Illinois’ Cockburn is 7-foot, 285 pounds. Purdue’s Edey is 7-4, 295.
Harrar originally committed to play tight end at Army before switching to basketball and Penn State. He is a fifth-year senior, averaging 10.8 points and 9.9 rebounds. His team, tied with the Hawkeyes in the Big Ten standings at 3-4, plays at Iowa Saturday at 3:30 p.m.
Rebraca has started every game this season, but seems to be emerging. After averaging team-highs of 16.8 points and 7.6 rebounds last season at North Dakota, he’s at 6.2 and 6.3 here.
However, Rebraca has averaged 33 minutes, 10 points, 11 rebounds and 2.5 steals in Iowa’s last two games, both on the road.
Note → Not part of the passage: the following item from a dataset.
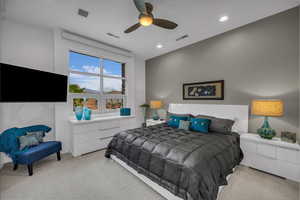 Carpeted bedroom with ceiling fan and recessed lighting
After Rebraca had a season-high 13 points against Maryland on Jan. 3, Iowa Coach Fran McCaffery said, “There’s no reason he shouldn’t play like that every night. He’s trying so hard to be part of a winning team, he doesn’t think of himself enough.
“I think it has been hard convincing him that it’s OK to be selfish at times.”
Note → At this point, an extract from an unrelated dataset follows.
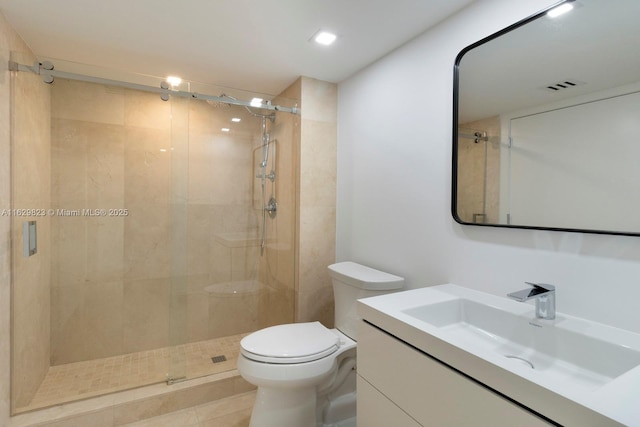 full bath with visible vents, a shower stall, toilet, and vanity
Rebraca, the son of five-year NBA veteran Zeljko Rebraca, has had to change his game at Iowa. This is the Big Ten, where might makes right.
“I feel like I’ve had to play more physical,” he said. “I was more of a finesse player. I can get guys on the moves. I feel like I have to wrestle guys a lot more here. It’s a different type of game.”
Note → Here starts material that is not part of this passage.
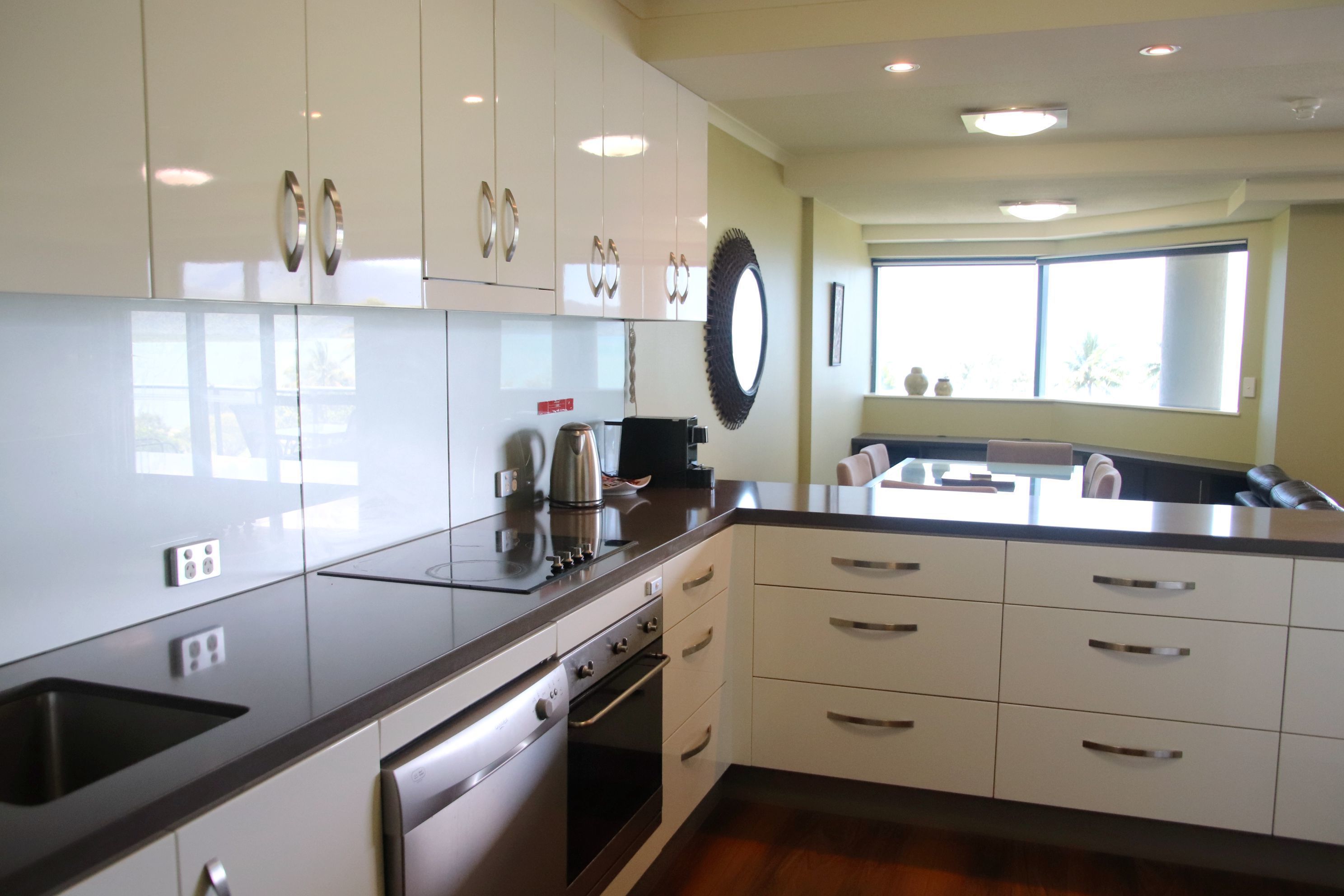 Full-sized fridge, microwave, stovetop, dishwasher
Rebraca has scored 1,241 points in Division I basketball. The question was never if he had D-I skills, it was how they transferred to the grunt-and-groan of the Big Ten.
“I’d say I’m definitely taking steps in the right direction,” he said. “I don’t think I’m fully there, but I feel like I’m showing what I can do throughout games more and more.
“Offensively, I think I can also score more, produce more.”
Ceding to teammate Keegan Murray at the offensive end has only made sense given Murray’s prolific production. The more Rebraca can do, however, the more it opens things up for Murray.
“I think he’s tried really hard to fit in,” McCaffery said recently. “He’s such a good person. He wants to win. He wants to be a great teammate. He wants to be coachable.”
So, the Serbian whose offense was predicated on finesse will pop in the mouthguard Saturday and go to battle against the 240-pound former tight end.
Two of his three best rebounding games at Iowa have been come since Sunday, and his two best scoring games have come in the last five. The Hawkeyes want more of the same from Rebraca. They need more of the same.